At least that was the ostensible reason for the massive protest demonstration. I suspect there was a little more to it than that.

For years the Irish people have reveled in their nation’s "Celtic Tiger" sobriquet. A decade of turbo-charged economic growth, fueled by massive injections of foreign capital, transformed Ireland from a dwindling European backwater, whose children were forever taking wing for foreign parts, into a brash and confident poster-child for neo-liberal economic "reform".

For ten glittering years, Dublin skipped down the same primrose path as Auckland in the late-1980s: rampant speculation leading to boom-time opulence; crass conspicuous consumption masking pervasive moral squalor.

All gone now.

The speculative bubble has burst. Paper fortunes have evaporated. Property prices have tanked. Where once Ireland could boast of having Europe’s highest rate of economic growth, it must now content itself with the EU’s highest rate of unemployment: 9 percent – and rising.

But, as if all this bad news weren’t enough, the Irish middle- and working-classes have also had to endure the sordid spectacle of their country’s political leadership bailing-out the very same wide-boys whose recklessness and greed is responsible for turning the Celtic tiger back into an Irish kitty.

No wonder they’re angry.

THIS AFTERNOON, our own Prime Minister, John Key, emerging from Manukau City’s splendid Pacific Events Centre, where he has been hosting his much-anticipated "Jobs Summit", will also encounter a demonstration. But whereas an impressive 100,000 demonstrators marched through Dublin’s fair city to vent their anger at the centre-right, Fianna Fail-led coalition government of Brian Cowen, Mr Key’s reception committee will be lucky to muster more than a hundred.

This is because Mr Key, instead of being burned in effigy like his unfortunate Irish counterpart, continues to ride the most extraordinary wave of public support and affection. Like the characters in that old television advertisement for a new brand of fruit juice: the ones who, upon taking a sip of their rival’s product, exclaim "Oh … it’s good!" – even those New Zealanders who voted against Mr Key have been pleasantly surprised at how well their new leader is performing.

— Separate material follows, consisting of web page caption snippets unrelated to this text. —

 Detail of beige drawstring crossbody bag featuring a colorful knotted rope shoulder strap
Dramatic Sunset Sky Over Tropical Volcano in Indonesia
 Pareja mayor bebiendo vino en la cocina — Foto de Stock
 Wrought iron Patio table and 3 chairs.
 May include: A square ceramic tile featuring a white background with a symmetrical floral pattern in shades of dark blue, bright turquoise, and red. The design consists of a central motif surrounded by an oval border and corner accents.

There is simply no traction – yet – for the Manukau protesters’ argument that the Prime Minister and his government are responsible for the current economic recession. Though it riles the Grinchs of the Far Left to admit it, most New Zealanders do indeed believe that if the Jobs Summit can instil a sense of "national purpose" into the recovery process, it will be a very good thing. That’s because, when it comes to dealing with the global economic crisis, the slogan "We are all in this boat together", corresponds much more accurately with the mood of the New Zealand electorate than the European Left’s defiant "We won’t pay for your crisis!"

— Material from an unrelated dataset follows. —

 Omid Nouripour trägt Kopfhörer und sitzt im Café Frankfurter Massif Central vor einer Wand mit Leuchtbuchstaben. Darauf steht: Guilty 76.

That mood of defiance, anger and rejection may come (most likely when our own unemployment rate reaches the same menacing heights as Ireland’s) but, outside the fractious ghettos of the Far Left, it has not arrived here yet.

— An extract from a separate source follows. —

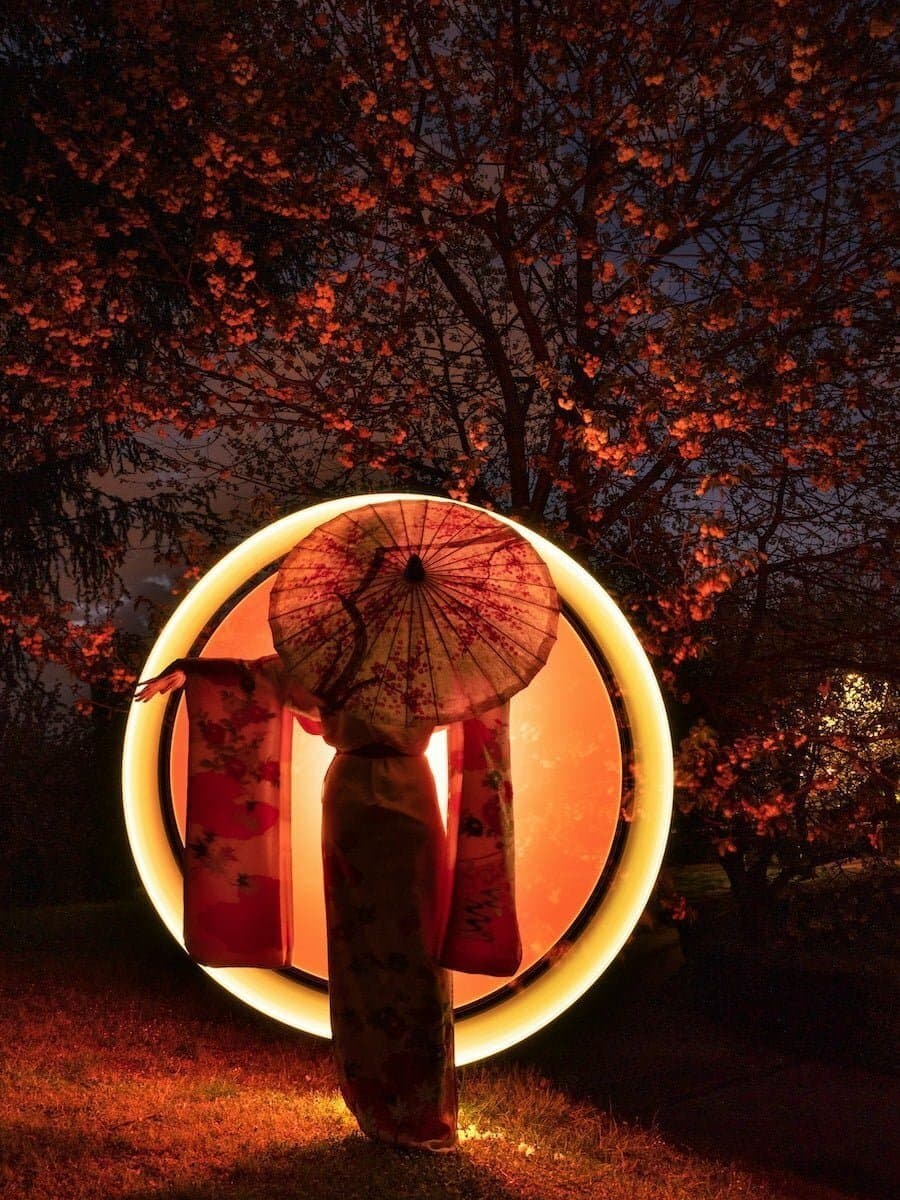 a woman holding an umbrella standing in front of a tree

To most New Zealanders, Mr Key appears to be doing his best. And, if that rather goofy smile of his doesn’t quite translate to Franklin D. Roosevelt’s "the only thing we have to fear, is fear itself", it’s effect on the public mood has been almost as reassuring. The Prime Minister oozes positivity, and in times of crisis, positivity trumps carping criticism every time.

Which is why Phil Goff, instead of complaining about being excluded from Mr Key’s Summit, would have been much wiser to organise his own. New Zealand contains a host of progressive men and women, whose contributions to the current debate would have been well worth hearing: Brian Easton, Robert Wade, Bryan Gould, Susan St John, Marilyn Waring, Jane Kelsey, Matt McCarten, Jim Flynn, Tim Hazledine, Jonathan Boston, James Belich – the list goes on.

I’d have offered pretty good odds that the recommendations of such a conference would compare more than favourably with those of the 200 businessmen, bureaucrats, union officials and community leaders meeting today in Manukau.

A good idea almost always achieves more than a shouted slogan or marching feet – even 200,000 of them.